La dueña de la casa me precedía. Encaminóse al cuarto de estar.
—Está usted pasando una larga temporada aquí, señor Lamb, por lo que veo. Tengo entendido que no pertenece a la plantilla de policía de la localidad…
—Y no anda usted descaminada. En realidad creo que sabe perfectamente quién soy yo… desde la primera vez que hablamos.
—No estoy muy segura de entender bien sus palabras.
—He sido un estúpido, señorita Pebmarsh. Vine a Wilbraham Crescent en su busca. La encontré el primer día y, ¡ni siquiera me di cuenta de todo ello!
—Es posible que todo lo del crimen le distrajera.
—También me conduje estúpidamente al contemplar un trozo de papel de cierto modo.
—¿Y a qué viene todo esto?
—Viene a cuento de que el juego ha terminado, señorita Pebmarsh. He descubierto el lugar en que son elaborados determinados planes. Los documentos y apuntes necesarios para la confección de los mismos son conservados por usted, la encargada de transcribirlos al sistema Braille. Los informes conseguidos por Larkin en Portlebury fueron pasados a usted. De sus manos, aquéllos continuaron viaje hasta su punto de destino por medio de Ramsay. Este, cuando era preciso, visitaba esta casa durante la noche utilizando el jardín. En el suyo dejó caer una moneda checa un día…

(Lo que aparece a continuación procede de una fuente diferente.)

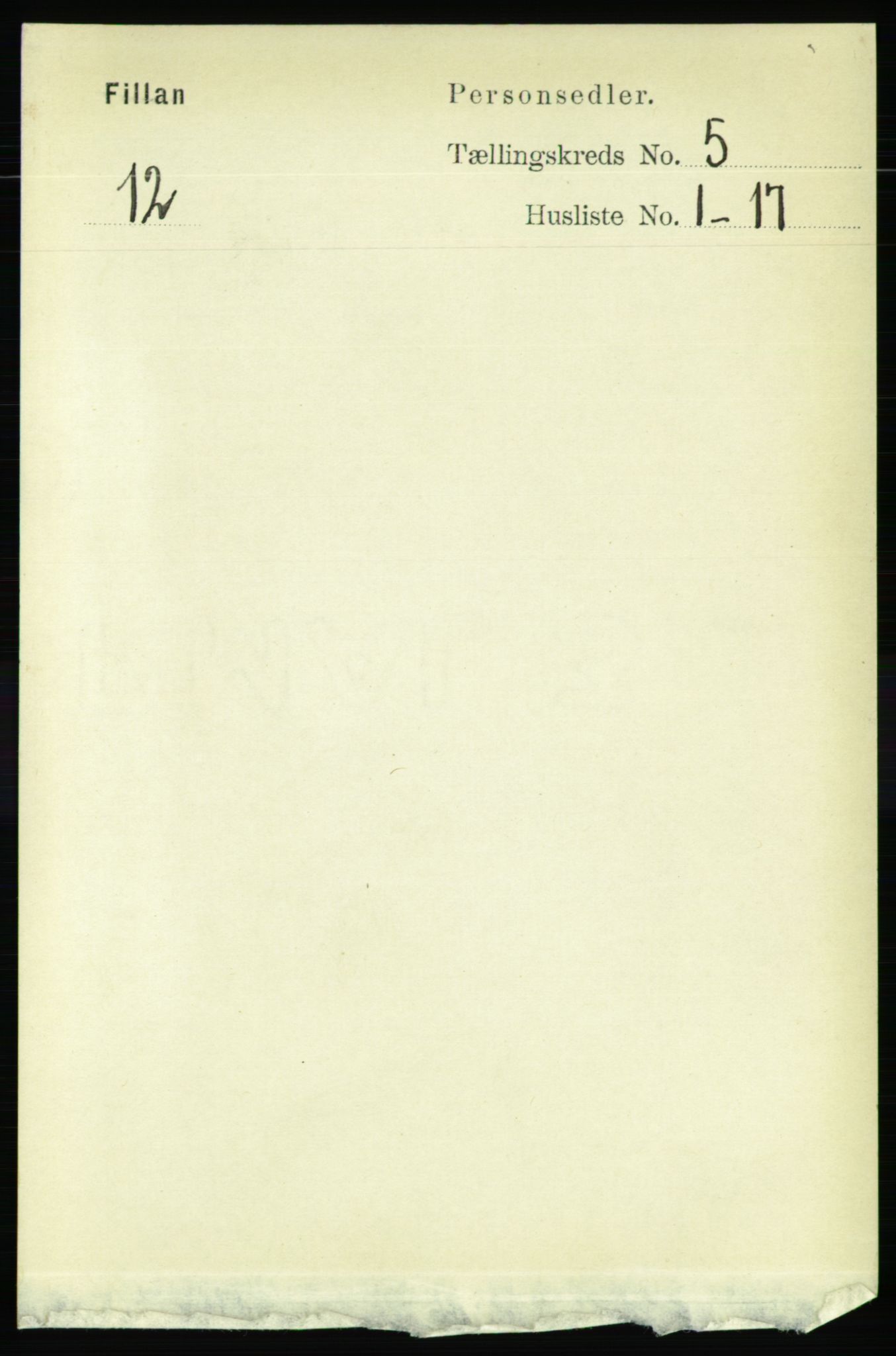 RA, Folketelling 1891 for 1616 Fillan herred, 1891, s. 989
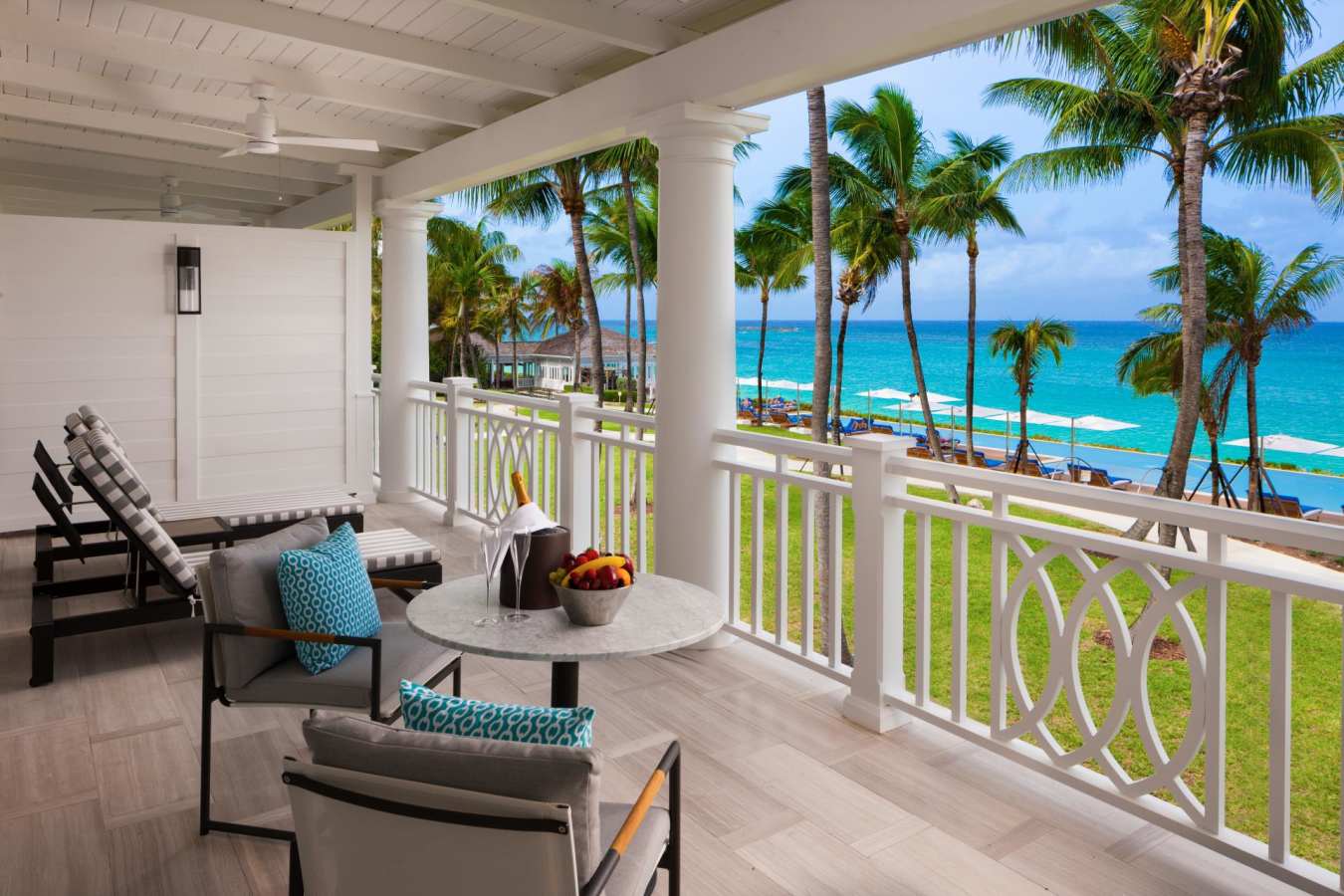 Ocean View Suite balcony - The Ocean Club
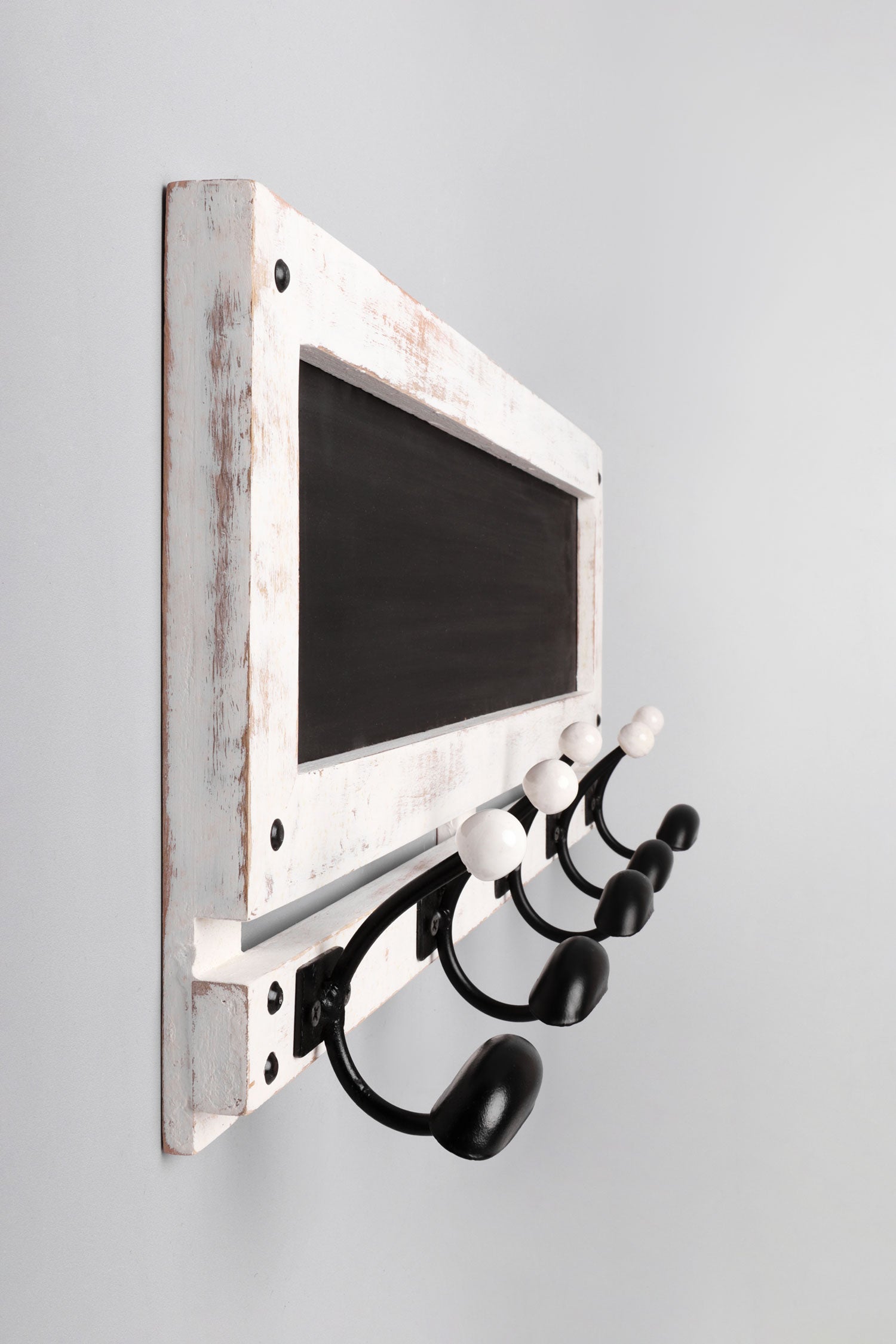 Cast iron double hooks detail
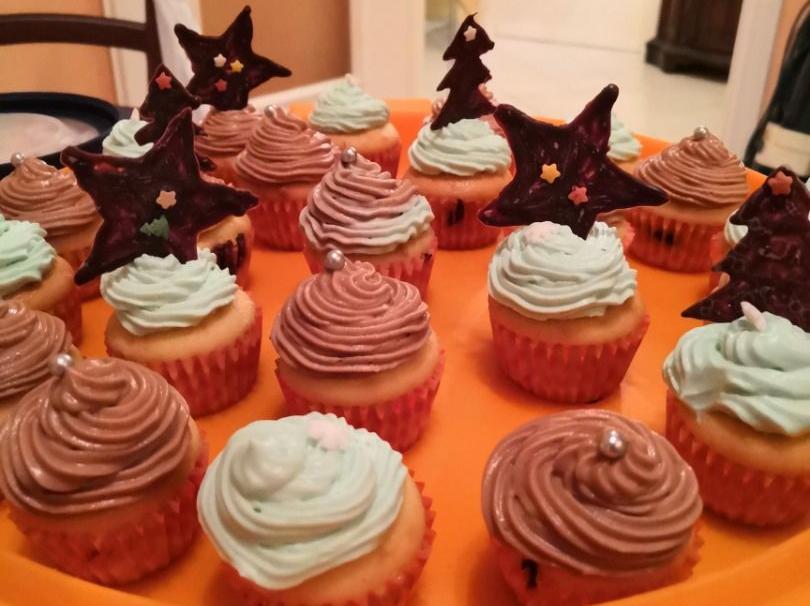 Cup cakes di Natale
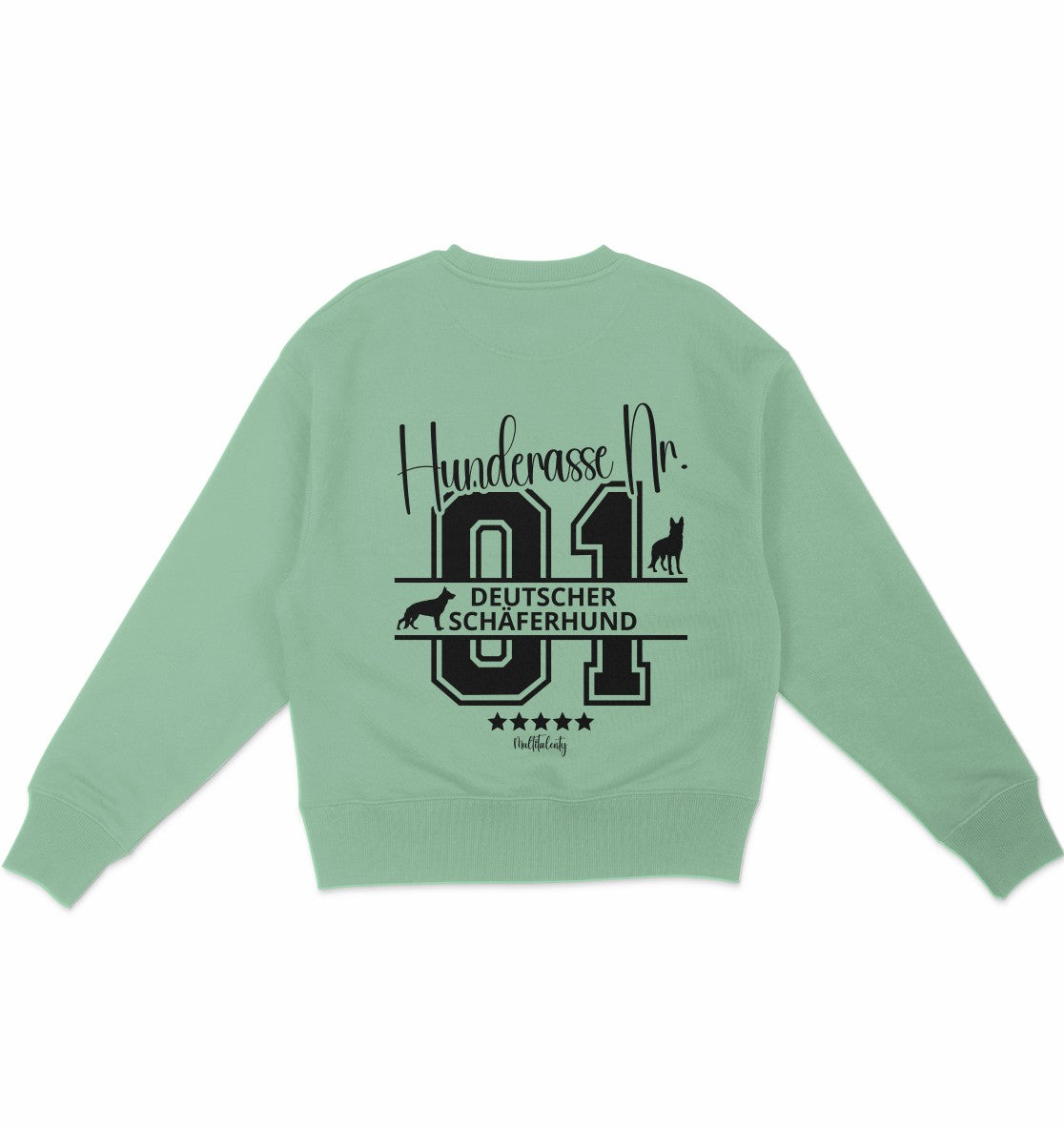 Nr. 01 Deutscher Schäferhund - Organic Oversize Sweatshirt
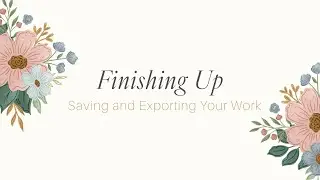Procreate 101 | How to Save and Export Artwork in Procreate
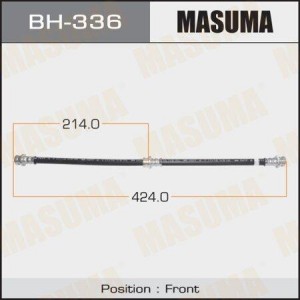 шланг тормозной передний!\ Mitsubishi Pajero II 90-00 BH-336 MASUMA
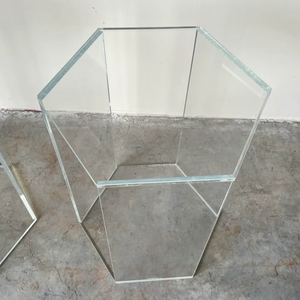 Lucite Hex Pedestal 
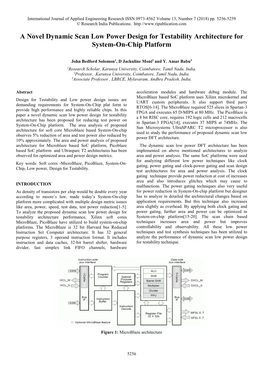 A Novel Dynamic Scan Low Power Design for Testability Architecture for System-On-Chip Platform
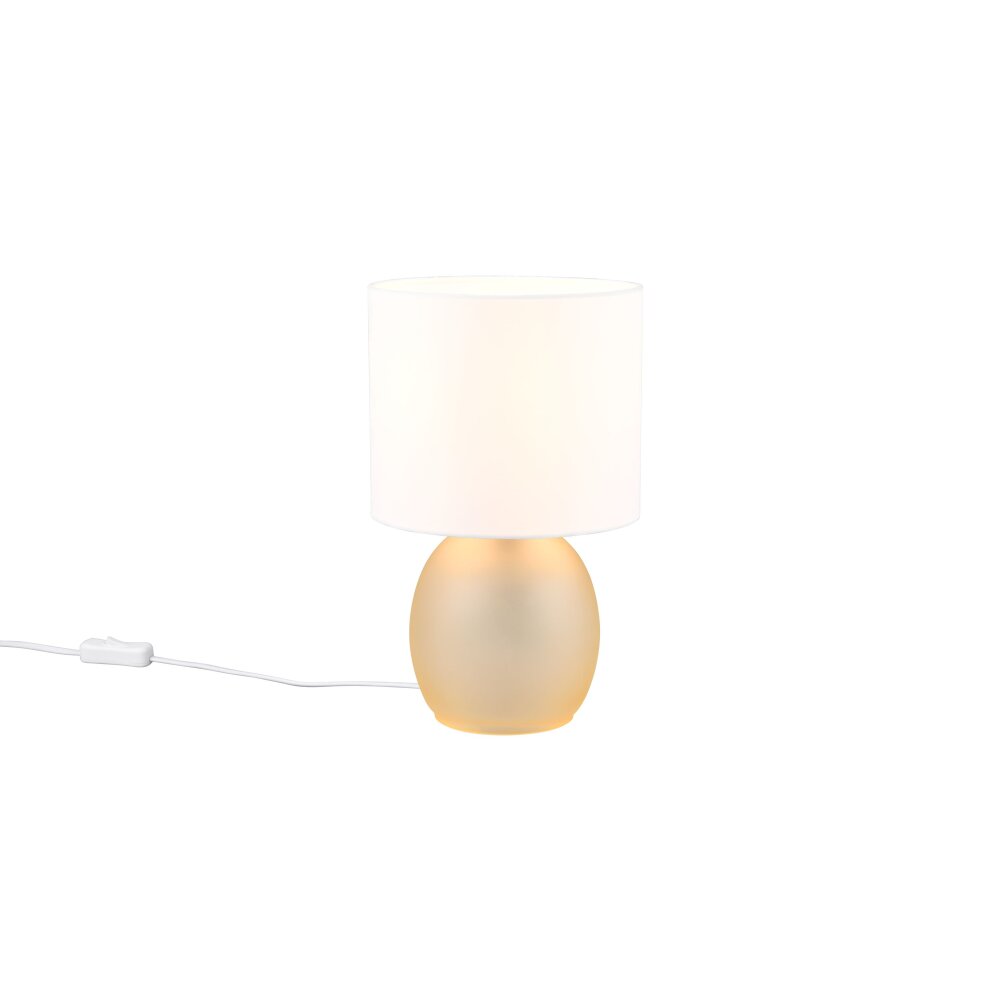 Trio VELA Tafellamp Bruin, Goud, 1-licht main product photo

—Un descuido por su parte.
—Todos incurrimos en descuidos antes o después. Su «camuflaje» ha sido excelente. Es usted ciega, trabaja en una institución que atiende a la educación de los niños invidentes, lo que le da ocasión de tener en su domicilio muchos libros escritos en el sistema Braille, algunos de los cuales pertenecen a sus alumnos… Es usted, además, una mujer de gran personalidad, de inteligencia nada común. No me explico cuál es la fuerza que la anima…
—Digamos, si le parece bien, que soy un caso de vocación.
—Sí. Quizás eso lo explicara todo.
—¿Y por qué me está diciendo todas esas cosas? No es lo corriente en estas situaciones.
Consulté mi reloj de pulsera.
—Dispone usted de dos horas, señorita Pebmarsh. Dentro de dos horas se presentarán aquí varios miembros del Servicio Especial para hacerse cargo de…
—No le comprendo. ¿Por qué se ha adelantado a aquéllos? Esto parece un aviso…
—Lo es. He venido aquí para esperar a esos agentes y procurar que de esta casa no desaparezca nada de lo que en estos instantes contiene. Con una excepción: usted. Dispone de dos horas de tiempo para marcharse si eso es lo que desea.
—Pero, ¿por qué? ¿Por qué?
Respondí hablando lentamente:
—Porque me enfrento con la posibilidad de que usted se convierta en breve en mi suegra. Claro que también podría equivocarme.
Los dos callaron. Millicent Pebmarsh se levantó, acercándose a la ventana. Yo no apartaba los ojos de ella. Con respecto a Millicent Pebmarsh he de decir que no me había hecho la menor ilusión. No confiaba lo más mínimo en ella. Era ciega, pero hasta una mujer ciega logra en ciertas ocasiones hacerse con uno, de cogernos desprevenidos. Su ceguera no significaba ningún inconveniente grave para tal propósito si le facilitaba la oportunidad de apoyar en mi espalda el cañón de una pistola automática.